Additionally, to avoid bloating the container image with tmp files, the files should be cleaned up on request completion, meaning we will also need an outgoing filter to perform that cleanup.

Example Pojo

class MyUpload {
  @JsonProperty("some_text_field")
  var textField: String

  @JsonProperty("some_bin_file")
  var binFile: File

  @JsonProperty("some_text_file")
  var textFile: File
}

Example Body

-----Some Divider
Content-Disposition: form-data; name="some_text_field"

My text field text.
-----Some Divider
Content-Disposition: form-data; name="some_bin_file"; filename="my-file.bin"
Content-Type: application/octet-stream

asdfasdfl;kjasd;lkfa;slhdf;lakwje;laknsdv;lkansd;ahsdr
-----Some Divider
Content-Disposition: form-data; name="some_text_file"; filename="my-file.txt"
Content-Type: text/plain

Some text in a text file being uploaded.
-----Some Divider--

Populated Pojo

MyUpload: {
  textField = "My text field text."
  binFile   = File("tmp/{some-hash}/my-file.bin")
  textFile  = File("tmp/{some-hash}/my-file.txt")
}

Additional Notes

Linked Issues

ryanrdoherty commented 2 years ago

@Foxcapades Wondering if the plan is to have this be a PreMatch filter and convert the actual Content-Type header to application/json. Would have to either convert or supplement the content type in the RAML. Thinking maybe just convert in the generated interface and in the filter? Thinking about how we can support a use case where we want an endpoint to support both json and multipart content-types.

Foxcapades commented 2 years ago

Not sure if it was generated this way, or if I did this manually so it requires investigation, but in multi-blast there are 2 controiller methods, one that takes json input and one that takes multipart/form-data.
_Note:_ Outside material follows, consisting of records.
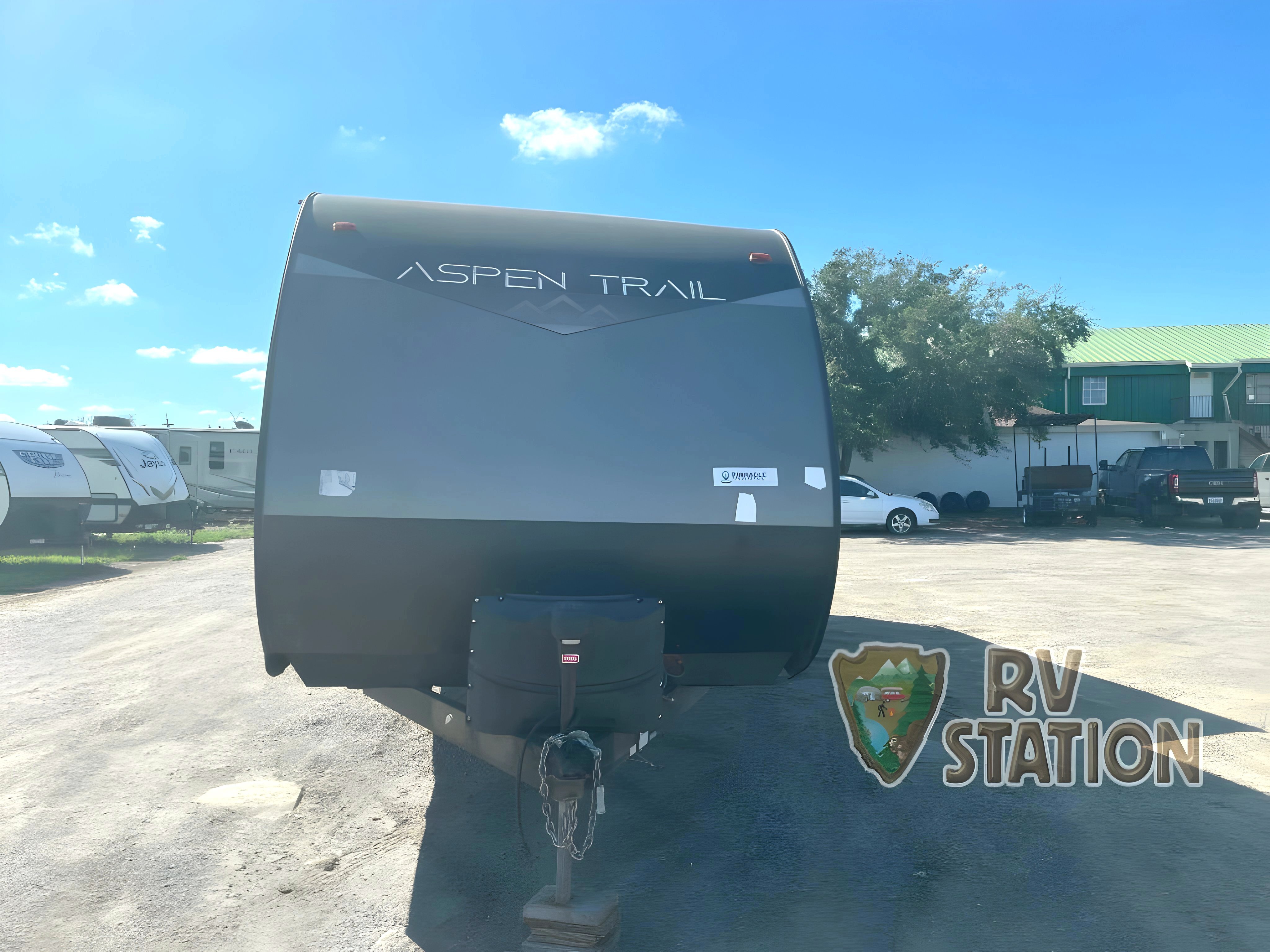 2023 Dutchmen Rv Aspen Trail 3120BHS in donna TX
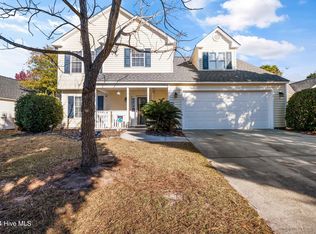 5209 Gate Post Ln, Wilmington, NC 28412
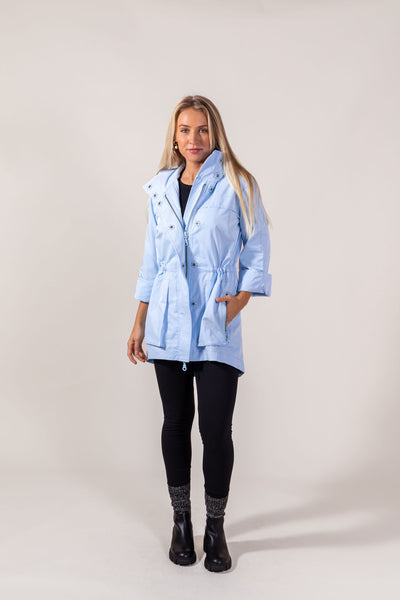 New Anorak Jacket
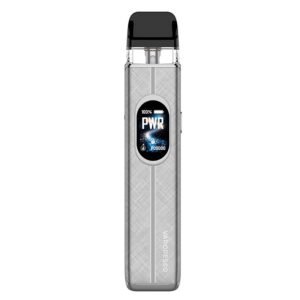 VAPORESSO - XROS 6 POD KIT (SILK GRAY)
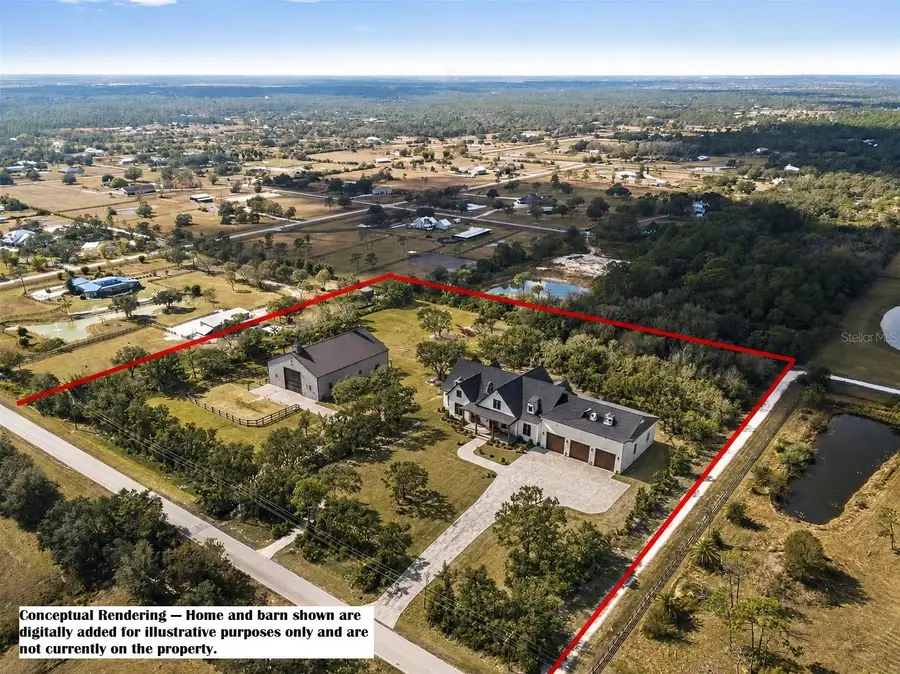 County Road 675, Bradenton, FL 34211 - #2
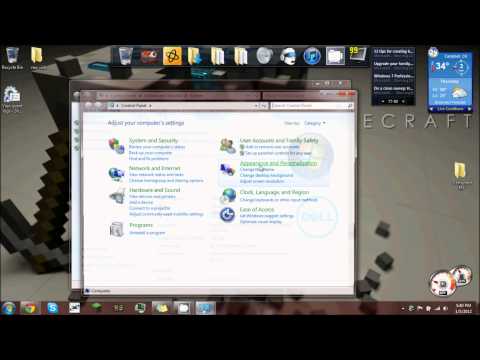 how to make Minecraft run smoother by giving Java more ram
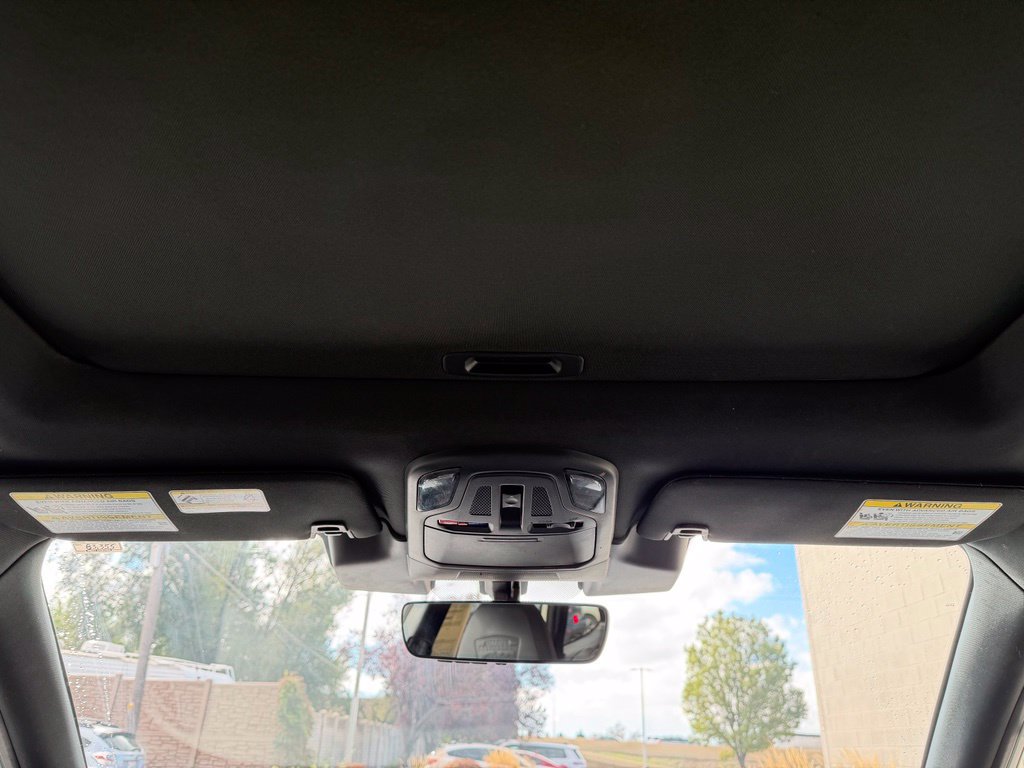 Used 2024 Subaru Outback Wilderness AWD/4WD image 23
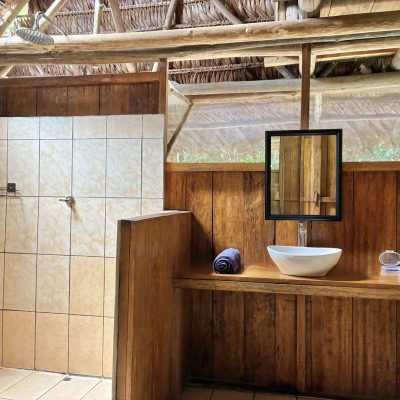 Bungalow 2 personnes9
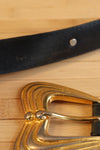 Escada Heart Belt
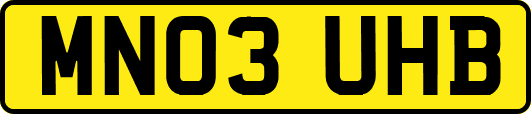 MN03UHB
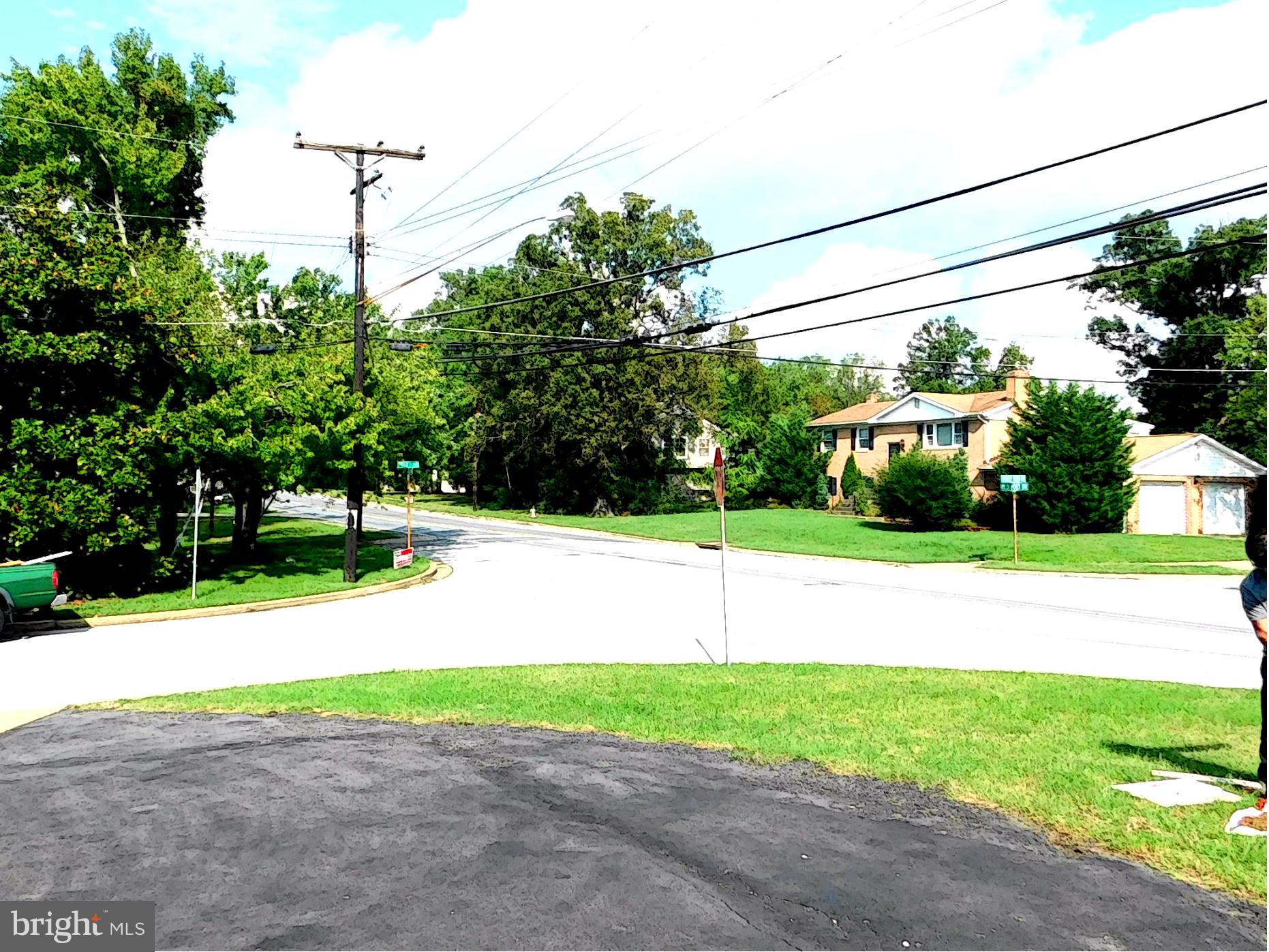 FRIENDLY FARMS- ADDN - Residential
In the second case, the method accepts json input as one of the form fields

Foxcapades commented 2 years ago

This issue is not relevant if we can switch to OpenAPI and the code generator for it.

An alternative task may be to port the example project and the existing projects using multipart over to OpenAPI

Foxcapades commented 2 years ago

We scrapped/shelved the OpenAPI idea for the time being due to a known issue with the OpenAPI code generation for models based on Json Schema that makes use of one or more of the oneOf, anyOf, or allOf features.

Instead this functionality is being implemented in a new library: https://github.com/VEuPathDB/lib-jersey-multipart-jackson-pojo

Once that library is reviewed and approved, it will be added to this library's plugged in to the default resources for all services based on this core.